Michael Elanjian at JP Morgan seems to enjoy his job,  As the head of digital strategy and fintech, hired last year from Goldman Sachs, he has to try and fight off the disruptors and challengers – as the Star Wars-themed poster in his office has it, his mission statement is effectively “The Incumbent Strikes Back”.  And as the leader of the internal fintech accelerator, he has a little bit more leeway than the average banking middle manager to call his employees “SWAT Teams” and give them cool sounding names like “Area X”.

But reading between the lines of the profile, it's probably the case that he spends more time destroying projects than launching them.  The “Area X” teams (each one with a different name instead of the 'X' to reflect their location) are small groups of half a dozen techies, including experts in data science, user experience and other hot fields.  Their role is to build demo applications quickly, taking projects from a whiteboard idea to a working prototype within six weeks. It all sounds very start-up.

But JP Morgan isn’t a start-up, even though the Area X teams are apparently encouraged to recruit from them.  Megabanks can’t launch small products, and while six weeks is a realistic time horizon to put together something that “works”, it isn’t realistic if you want to put together something that works at the scale of JP Morgan.  Simply handling JPM’s transaction volumes is a highly specialised and difficult speciality all of its own, while integrating new systems with legacy code is even more time consuming, if it can be done at all.  Area X isn’t meant to handle this, though; the idea is that once the proof-of-concept demo has been approved, the project gets handed over to the regular JPM IT team and the business units.

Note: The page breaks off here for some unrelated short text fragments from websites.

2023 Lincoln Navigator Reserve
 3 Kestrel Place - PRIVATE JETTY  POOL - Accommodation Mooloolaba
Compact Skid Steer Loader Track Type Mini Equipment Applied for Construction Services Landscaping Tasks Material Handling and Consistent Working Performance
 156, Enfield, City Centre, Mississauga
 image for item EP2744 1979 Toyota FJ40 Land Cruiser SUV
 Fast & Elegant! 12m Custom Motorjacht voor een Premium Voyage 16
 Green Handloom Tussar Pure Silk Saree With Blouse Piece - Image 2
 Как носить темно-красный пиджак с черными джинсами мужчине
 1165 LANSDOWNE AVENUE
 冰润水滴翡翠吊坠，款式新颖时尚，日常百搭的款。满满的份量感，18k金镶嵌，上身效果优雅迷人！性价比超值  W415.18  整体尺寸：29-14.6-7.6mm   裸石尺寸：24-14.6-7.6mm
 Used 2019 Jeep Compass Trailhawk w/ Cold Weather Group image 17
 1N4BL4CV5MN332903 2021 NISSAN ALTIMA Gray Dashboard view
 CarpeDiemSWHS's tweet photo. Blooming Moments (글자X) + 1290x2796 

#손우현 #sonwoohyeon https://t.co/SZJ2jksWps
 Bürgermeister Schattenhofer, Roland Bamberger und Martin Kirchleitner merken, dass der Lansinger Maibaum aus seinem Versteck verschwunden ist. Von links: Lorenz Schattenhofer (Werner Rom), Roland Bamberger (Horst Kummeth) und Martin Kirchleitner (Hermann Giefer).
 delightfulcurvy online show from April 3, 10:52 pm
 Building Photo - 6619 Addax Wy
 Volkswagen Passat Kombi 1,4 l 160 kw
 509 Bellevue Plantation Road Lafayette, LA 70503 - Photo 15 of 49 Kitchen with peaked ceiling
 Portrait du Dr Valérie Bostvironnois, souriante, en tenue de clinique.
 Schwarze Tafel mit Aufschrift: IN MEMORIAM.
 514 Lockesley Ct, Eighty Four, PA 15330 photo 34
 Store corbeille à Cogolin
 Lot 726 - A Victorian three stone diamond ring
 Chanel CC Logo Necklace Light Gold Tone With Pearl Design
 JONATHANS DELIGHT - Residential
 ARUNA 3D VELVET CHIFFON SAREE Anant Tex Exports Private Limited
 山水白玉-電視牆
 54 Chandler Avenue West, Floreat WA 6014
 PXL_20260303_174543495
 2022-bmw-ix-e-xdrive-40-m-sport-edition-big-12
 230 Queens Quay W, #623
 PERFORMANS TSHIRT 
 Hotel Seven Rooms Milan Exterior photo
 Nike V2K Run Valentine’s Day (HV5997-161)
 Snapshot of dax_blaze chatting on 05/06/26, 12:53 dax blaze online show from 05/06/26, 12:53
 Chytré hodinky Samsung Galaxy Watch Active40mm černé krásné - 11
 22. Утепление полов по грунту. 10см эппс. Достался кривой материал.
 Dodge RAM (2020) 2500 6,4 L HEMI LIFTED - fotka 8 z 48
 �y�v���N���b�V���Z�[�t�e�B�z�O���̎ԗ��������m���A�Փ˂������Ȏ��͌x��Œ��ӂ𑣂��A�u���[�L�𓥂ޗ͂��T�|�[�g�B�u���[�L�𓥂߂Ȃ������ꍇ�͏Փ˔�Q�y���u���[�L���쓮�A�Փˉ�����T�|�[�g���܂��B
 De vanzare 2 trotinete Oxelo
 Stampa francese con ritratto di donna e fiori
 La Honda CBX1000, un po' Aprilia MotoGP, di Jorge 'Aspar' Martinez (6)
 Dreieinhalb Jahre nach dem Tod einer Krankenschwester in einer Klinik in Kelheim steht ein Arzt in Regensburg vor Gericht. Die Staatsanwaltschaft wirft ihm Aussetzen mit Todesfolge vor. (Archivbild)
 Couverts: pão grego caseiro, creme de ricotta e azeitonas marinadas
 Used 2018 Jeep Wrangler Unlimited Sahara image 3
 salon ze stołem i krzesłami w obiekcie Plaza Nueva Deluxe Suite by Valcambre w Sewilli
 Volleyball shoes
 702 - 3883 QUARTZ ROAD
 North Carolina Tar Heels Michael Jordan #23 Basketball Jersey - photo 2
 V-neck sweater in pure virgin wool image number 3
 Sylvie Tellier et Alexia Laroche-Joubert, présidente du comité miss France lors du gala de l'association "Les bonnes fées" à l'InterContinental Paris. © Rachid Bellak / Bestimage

But that can be dangerous.  The biggest single generator of cost control problems in banking is an IT department that proliferates dozens of overlapping projects which everyone likes too much to kill, but not enough to complete.  And unless you’re very strict on centralised data management, you can create even more headaches for yourself by siloing vital information in incompatible customised systems, then launching a dozen further projects to try and bring it back together.

So it’s vital to be able to, in Elanjian’s words “fail quickly and move on”.  Having a tangible prototype presumably helps with this process; you can quickly spot something that’s not actually as cool as it seemed on the whiteboard. 

It’s a tricky management task; in order to do their job, Area X need to get buy-in from the operating divisions which will take ownership of the system, but not to get too much buy-in so that there will be internal political pressure to take a project forward whether it’s working or not.  Unlike in a start-up context, there is no equivalent of the funding and VC market to make this judgement, so Mr Elanjian might have to take the role of chief executioner. In the meantime, he's hiring. People who like ideas, but not so much they expect to see their implementation, should apply.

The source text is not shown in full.